From now on, when exploring ECS, we need to focus on just one model and, only if necessary, do more than one model at a time. Any of the models used in the H3D Symposium workshop will do.

JHlozek commented 5 months ago

Just to add, if any of the factors are difficult to measure, then it's worth putting together a plan that can test that aspect and post it here or on slack so that we can discuss further.

sucksido commented 5 months ago

HI @miquelduranfrigola and @JHlozek this makes a lot of sense, let me re look at other effecient ways we can deploy the model at a much lower cost that will allow for mutiple models without breaking the bank, i am making this a high priority.

sucksido commented 5 months ago

Hi @miquelduranfrigola and @JHlozek , please see my recommendations below, I have already started exploring some of these possible options but I need your Go-ahead to start making changes on AWS as it might be billable.

Understanding and Optimizing Costs

ECS Fargate Billing: We’re being billed per second for vCPU and memory usage. It’s important to ensure we’re not allocating more resources than necessary. Resource Allocation: Our costs are influenced by the size of our containers and the CPU/RAM we allocate. By fine-tuning these allocations, we can save quite a bit. Optimizing Our Containers

Lightweight Containers: We should look into reducing the size of our Docker images. Using minimal base images like Alpine Linux and cleaning up unnecessary dependencies can help. Right-Sizing Resources: We need to match our CPU and memory allocations to what our containers actually need, preventing over-provisioning.

Implementing Dynamic Scaling

On-Demand Scaling: We can set up a system to start containers only when needed and stop them when idle. AWS Lambda and AWS Auto Scaling can be really helpful here. Serverless Options: For less frequent model invocations, AWS Lambda might be more cost-effective than running ECS tasks continuously.

Leveraging Cost Management Tools

AWS Cost Explorer: This tool can help us identify the main cost drivers and monitor our usage, making it easier to spot areas for optimization. Budgets and Alerts: Setting up budgets and alerts will keep us aware of our spending and help avoid surprises.

Considering Alternative Compute Options

Spot Instances: For tasks that aren’t critical, Spot Instances can be significantly cheaper than on-demand instances. EC2 Instances: We should evaluate whether using EC2 instances with auto-scaling groups is more cost-effective for our specific workloads.

Using Kubernetes with EKS

Amazon EKS: EKS can help us manage our Docker containers more efficiently. It supports Docker images and can give us better control over scaling and resource allocation, potentially reducing costs.

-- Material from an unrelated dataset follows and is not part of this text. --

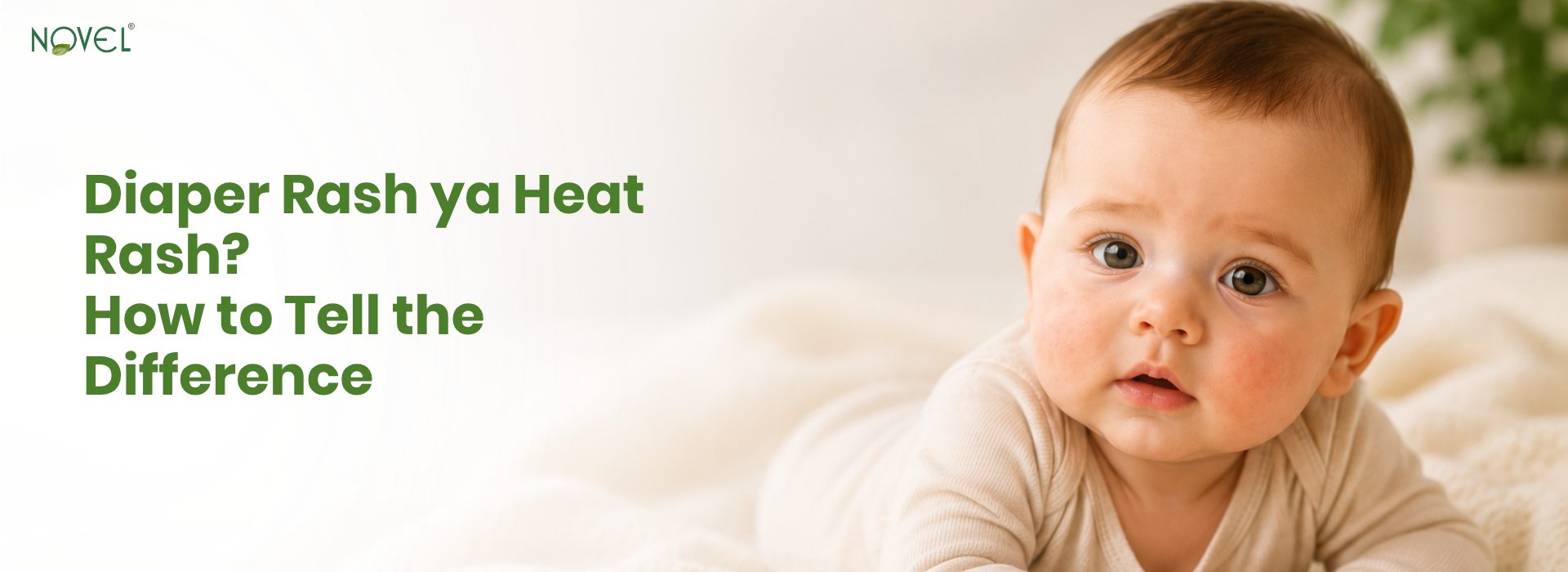 Diaper Rash ya Heat Rash? How to Tell the Difference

Reviewing Our Deployment Strategy

Focus on One Model: To start, we should focus on optimizing the deployment of a single model. This will help us fine-tune our setup before scaling out to multiple models. Batch Processing: Grouping model requests into batches can reduce the number of active containers, which will save costs.

Implementation Plan

Immediate Actions: ◦ Stop all current ECS tasks to prevent further costs. (Which we’ve already done) ◦ Analyze our billing details to identify specific cost drivers. (Please share the breakdown)
Optimization: ◦ Streamline our Docker images by removing unnecessary dependencies and using minimal base images. ◦ Right-size our resource allocations to match the actual needs of our tasks. ◦ Implement dynamic scaling solutions using AWS Auto Scaling and AWS Lambda.
Testing and Validation: ◦ Deploy a single optimized model and monitor its performance and cost. ◦ Gradually scale to additional models while continuously monitoring and adjusting our resource allocation and scaling strategies.

Conclusion

By taking these steps, we can significantly reduce our AWS ECS costs and create a more sustainable deployment strategy for our models. Using Amazon EKS to orchestrate our Docker containers can provide better resource management and cost efficiency.

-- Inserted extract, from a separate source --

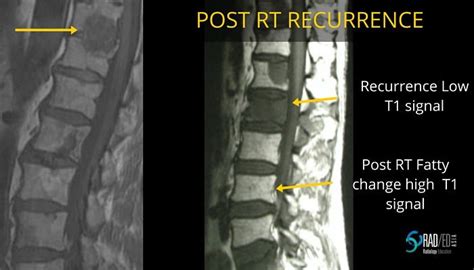 Mri Radiation Spine When The Clinicians Wont Tell You Radedasia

GemmaTuron commented 5 months ago

Hi @sucksido

Thanks for the detailed explanation, could you provide some numbers as well? it is difficult to assess the different options without an indication of real cost. I know AWS has a good calculator, so can you run some simulations with the different options? Let's assume the following: 100 Models Online 100 queries per month (which is low but could be) per model

And alternative scenario (more realistic) 100 Models Online 1000 queries per month to 20 models and no more than 10 queries to the rest of the models

Also, do you think we can use AWS Lambdas as is now? I understood this service was only for very lightweight models

miquelduranfrigola commented 5 months ago

Thanks @sucksido

This is useful. We can use these points as a basis for discussion. Thanks.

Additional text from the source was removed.